Former Immigration Judge Paul Schmidt commented on the appointments, saying: 

No one on that list is among the top 100 asylum authorities in the country, and that’s the kind of people they should be hiring.” 

The appointments include one Assistant Chief Immigration Judge (ACIJ) and six supervisory Unit Chief Immigration Judges (UCIJs), a newly invented position. The UCIJs, only one of whom has a background in immigration law, will be working from a new Immigration Adjudication Center (IAC) in Richmond, Virginia. Like at the two existing IACs, these new immigration judges will hear cases by video-teleconference in office buildings that are closed to the public. Litigation is pending over the government’s failure to provide public information on IACs. 
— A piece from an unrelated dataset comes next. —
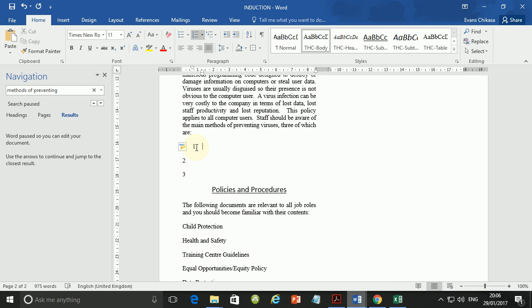The first method that we want to do is that we want to make sure that our virus software is actually in perfect condition. It is updated and it is working. And then also we want to make sure that when we bring in external storage devices such as flash disks, such as external hard disks, these are actually scanned before they are plugged in onto the computer.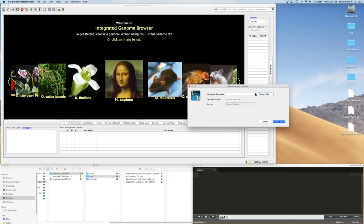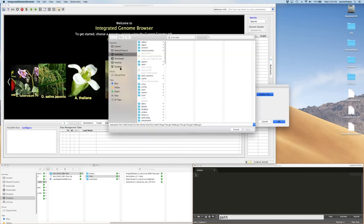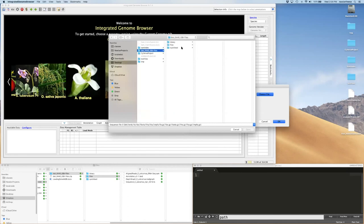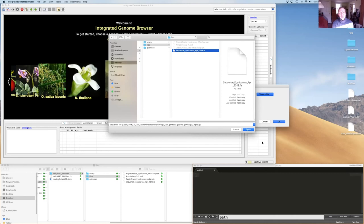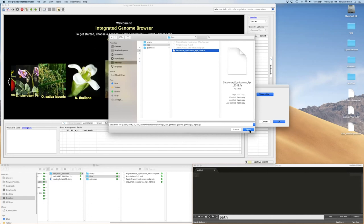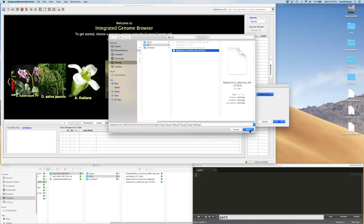For this demo using the test data provided: choose File → Open Genome from File, select the FASTA file. I'm in the IGB files directory, selecting 'sequence_unicornis'. This genome has three chromosomes and looks similar to the Arabidopsis genome — it's our example unicorn genome from the IGB user's guide.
Immigration judge appointments strongly affect immigration court decisions. The Trump administration appointed approximately two-thirds of the 520 current immigration judges. With these new judges and along with significant court policy changes, the asylum denial rate increased from 54.6% in fiscal year 2016 to 71.6% in fiscal year 2020. 

The number of immigration judges Biden appoints will also affect the immigration court backlog, currently at 1.3 million cases. Biden’s proposed budget calls for hiring 100 new immigration judges, which many experts say is insufficient. Still, the need for expediency in hiring additional judges cannot outweigh the need for a balance of experience on the bench. 

Over a million people are involved in an immigration court system that is inconsistent and unfair. The Biden administration should apply its commitment to judicial diversity to immigration judge appointments, especially a diversity in perspectives and experience.  

Ultimately, immigration courts will not be free of the bias inherent to being part of the same branch responsible for prosecution. As advocates have longed called for, Congress must establish Article I immigration courts for immigration proceedings to be truly fair and independent.